Hangzhou putzt sich schön heraus

Schon Marco Polo nannte Hangzhou die "schönste und großartigste Stadt der Welt", die damals im 13. Jahrhundert mit einer Million Einwohnern und dem größten Hafen der Welt sogar Bagdad in den Schatten stellte.

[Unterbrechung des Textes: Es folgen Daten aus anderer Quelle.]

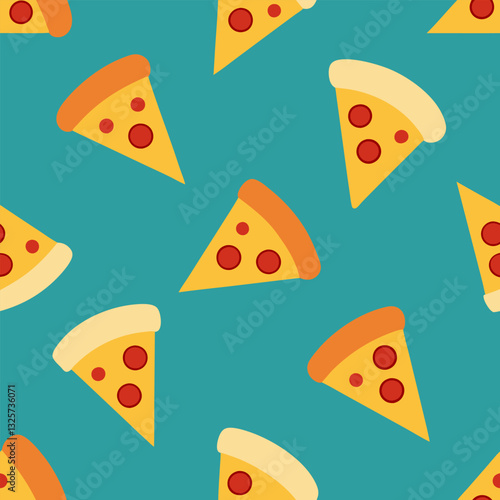 Pizza seamless pattern background. Fast food delicious pizza slice cartoon seamless vector.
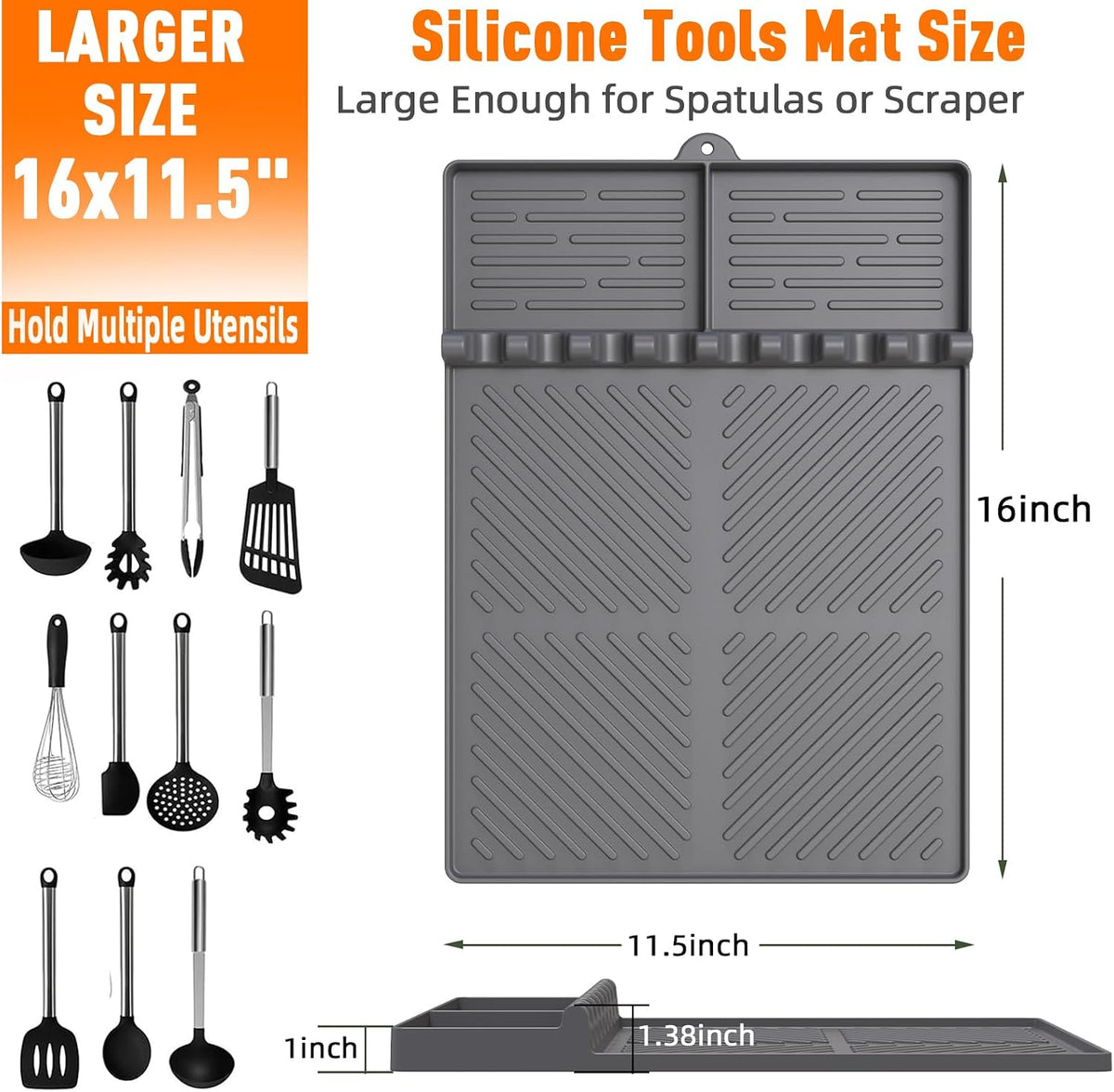 Silicone Grill Mat Compatible with Blackstone, BBQ Griddle Tool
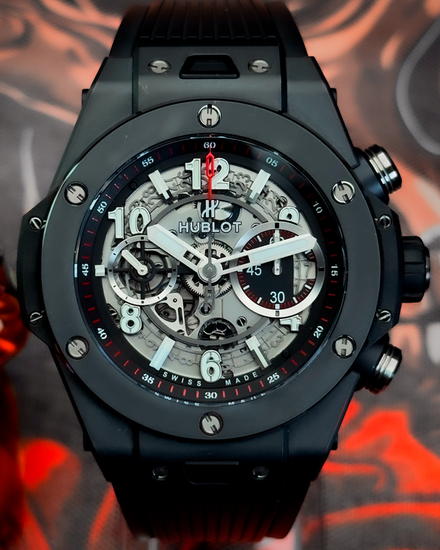 2017 Hublot Big Bang Unico "Black Magic" 45MM Skeleton Dial Rubber Strap (411.CI.1170.RX)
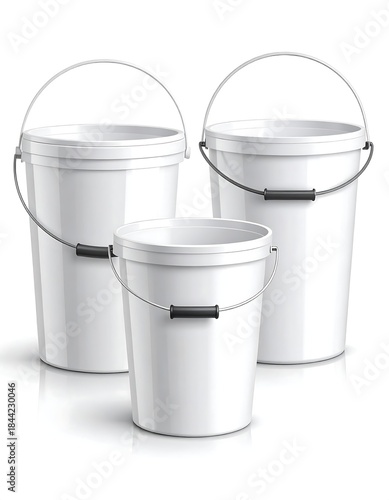 Three white empty buckets with steel handles are shown on a white background, lit from front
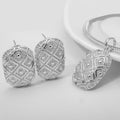 Overseas Middle East New Release Retro Geometric Quilted Shape Texture Pendant Fashionable Versatile Jewelry Necklace Earrings Set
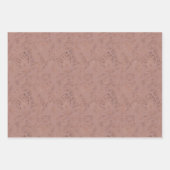 Feuille De Papier Cadeau Élégant Rose et modèle Floral Or (Devant 2)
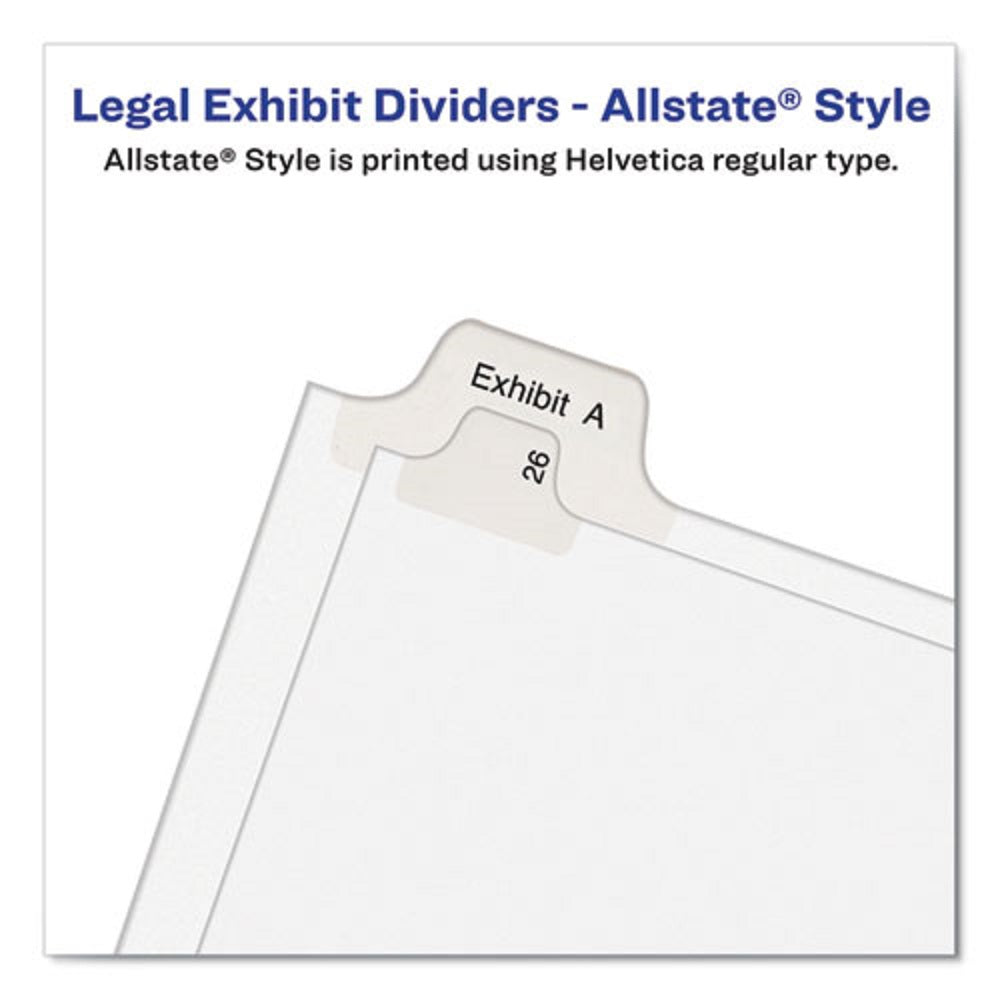 PREPRINTED LEGAL EXHIBIT SIDE TAB INDEX DIVIDERS, ALLSTATE STYLE - WHTIE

Diese Woche ist Hangzhou "das Paradies auf Erden", so bewirbt es zumindest die chinesische Führung. Denn am Sonntag beginnt in der alten Hauptstadt der Song-Dynastie der zweitägige G20-Gipfel mit den Staats- und Regierungschefs der führenden Industrie- und Schwellenländer. Die Stadt wurde herausgeputzt und alles störende entfernt. Barack Obama, Wladimir Putin, Angela Merkel, Theresa May und alle anderen sollen saubere Luft, klares Wasser und makellose Menschen erleben. Wie der Guardian berichtet, wurden deshalb sogar heruntergekommene Stadtteile, die an der Strecke liegen, wo die Wagenkolonnen vorbeirollen, abgerissen. Einige schon sehr alte Chinesinnen bekamen mit über 80 Jahren das erste Mal eine neue Wohnung mit Innentoilette. Diese Frauen sind ihrem Präsidenten Xi Jiping und seiner von vielen vergötterten Ehefrau, der populärsten Sängerin Chinas, Peng Liyuan, dankbar.

Stummes Leid

Andere leiden stumm. Etwa Fabriksbesitzer, Baumeister oder kleine Ladenbesitzer, denen jetzt die Kundschaft fehlt. Denn um einen strahlend blauen Himmel zu erzielen im smogverseuchten Industriegürtel an der Küste, wurden die Fabriken vor zwei Wochen stillgelegt und alle Arbeiten an Baustellen eingestellt. Damit kein Staub aufwirbeln kann, mussten die Bauherren ihre Baustellen mit viel Plastik einpacken lassen. Und damit das alles auch noch netter aussieht, wurden sie angehalten, alles mit Blumenschmuck zu behübschen. Die Wanderarbeiter mussten die Stadt verlassen und viele Beamte und Angestellte wurden in Zwangsurlaub geschickt und angewiesen, auch wirklich zu verreisen, damit sich die Verkehrslage beruhigt. Und siehe da, der Reporter des Guardian kommt das erste Mal staufrei durch die Stadt.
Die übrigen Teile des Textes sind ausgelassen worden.